◆ **WHAT YOU ARE ASKED TO DO**
In the material below, find the line containing "More views of Audi Q5" and the line containing "Porto Velho homenageia". Output those two lines and all lines between them exactly, without pictures.
--- PROVIDED RECORDS Enclosed Below ---
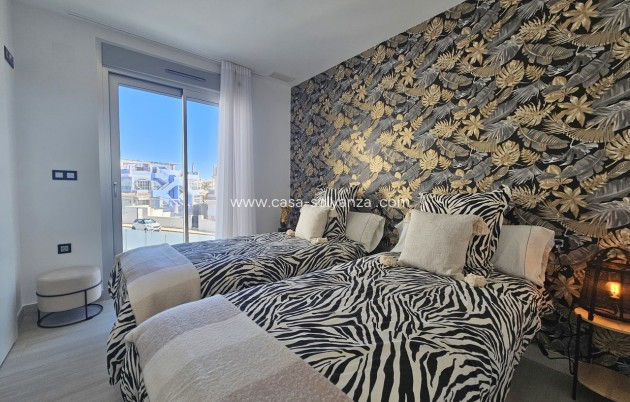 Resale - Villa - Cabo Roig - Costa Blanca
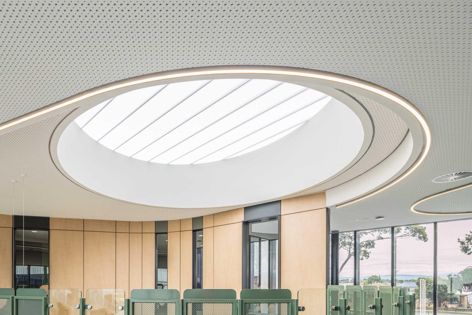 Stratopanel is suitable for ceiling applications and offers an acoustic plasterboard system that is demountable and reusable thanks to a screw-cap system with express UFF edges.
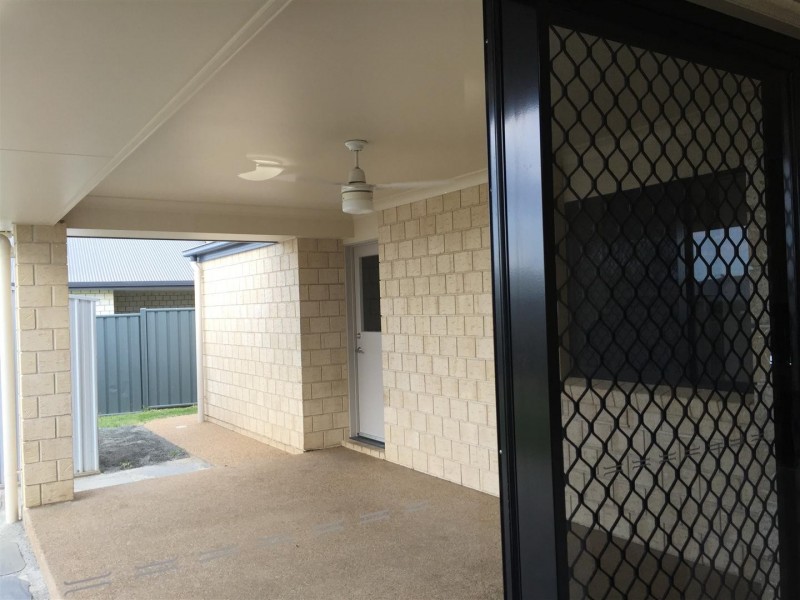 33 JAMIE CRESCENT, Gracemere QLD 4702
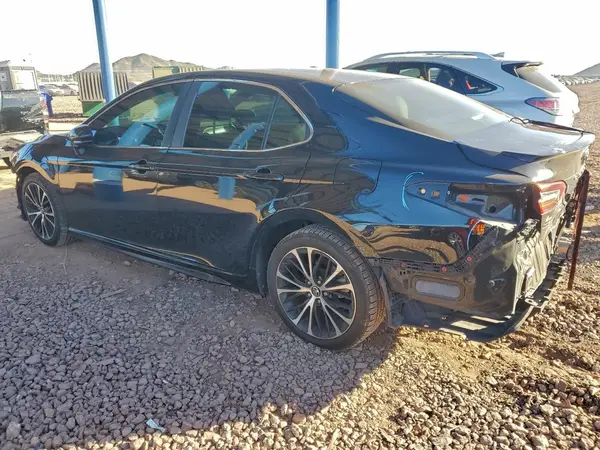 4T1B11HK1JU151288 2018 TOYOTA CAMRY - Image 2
--- End of Enclosed PROVIDED RECORDS ---
--- PROVIDED RECORDS Enclosed Below ---
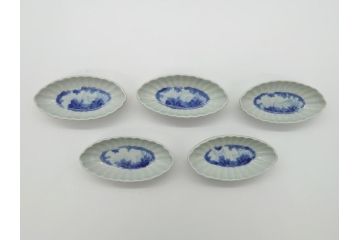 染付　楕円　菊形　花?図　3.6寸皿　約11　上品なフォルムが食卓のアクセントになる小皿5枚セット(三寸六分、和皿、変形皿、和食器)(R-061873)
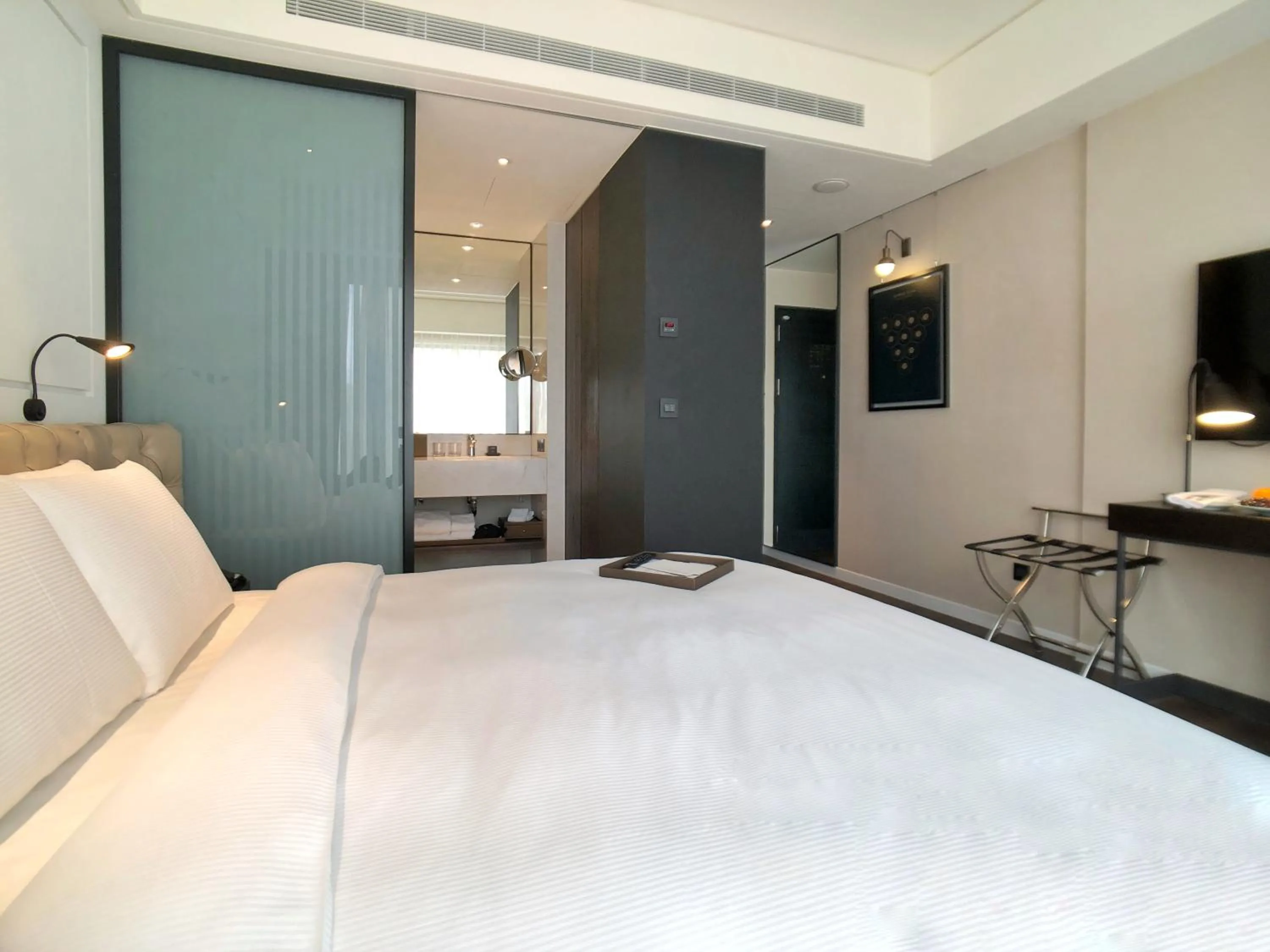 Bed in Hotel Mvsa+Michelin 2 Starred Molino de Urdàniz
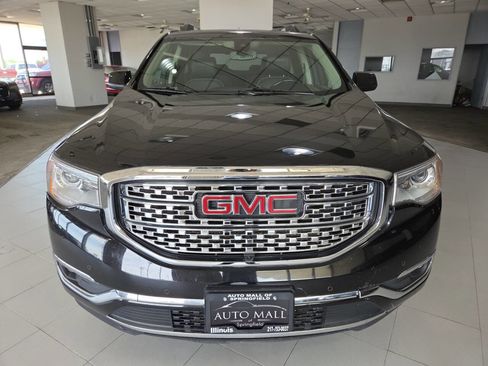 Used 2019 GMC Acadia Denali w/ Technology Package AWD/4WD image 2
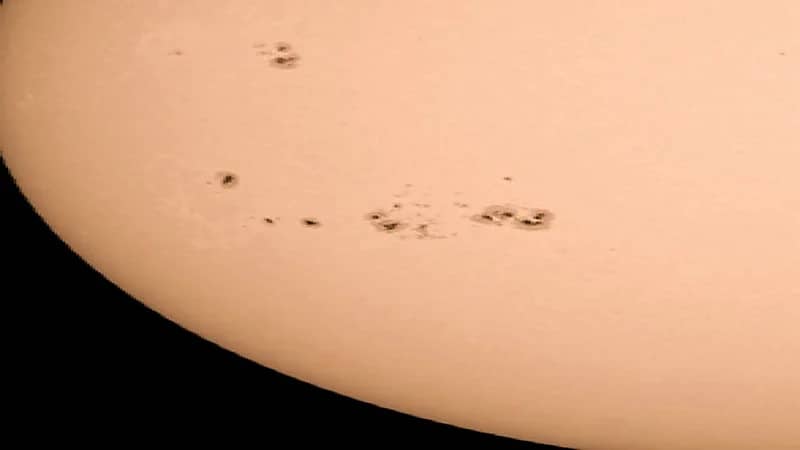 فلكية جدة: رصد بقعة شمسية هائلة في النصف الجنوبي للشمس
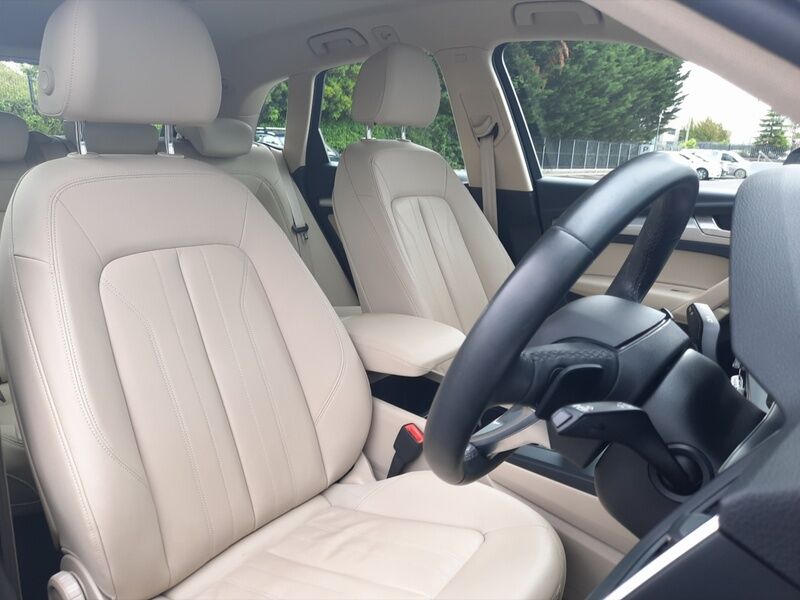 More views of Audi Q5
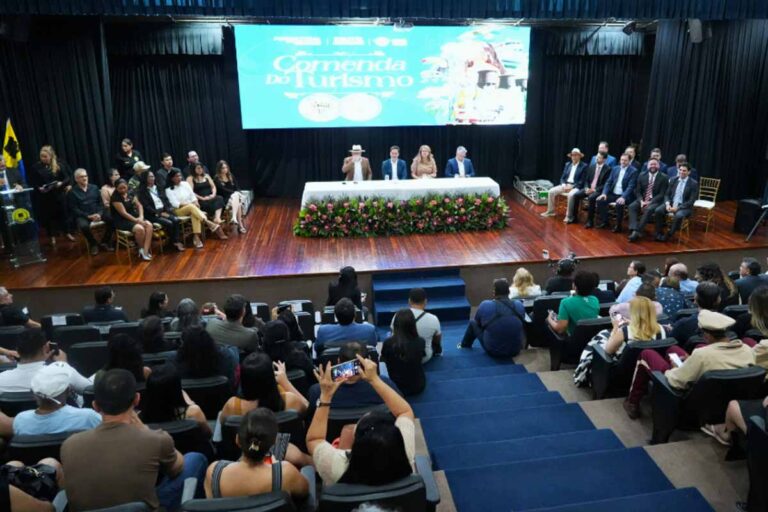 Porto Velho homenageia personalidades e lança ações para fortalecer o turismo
--- End of Enclosed PROVIDED RECORDS ---
◆ **WRITTEN ANSWER**
 More views of Audi Q5
 Porto Velho homenageia personalidades e lança ações para fortalecer o turismo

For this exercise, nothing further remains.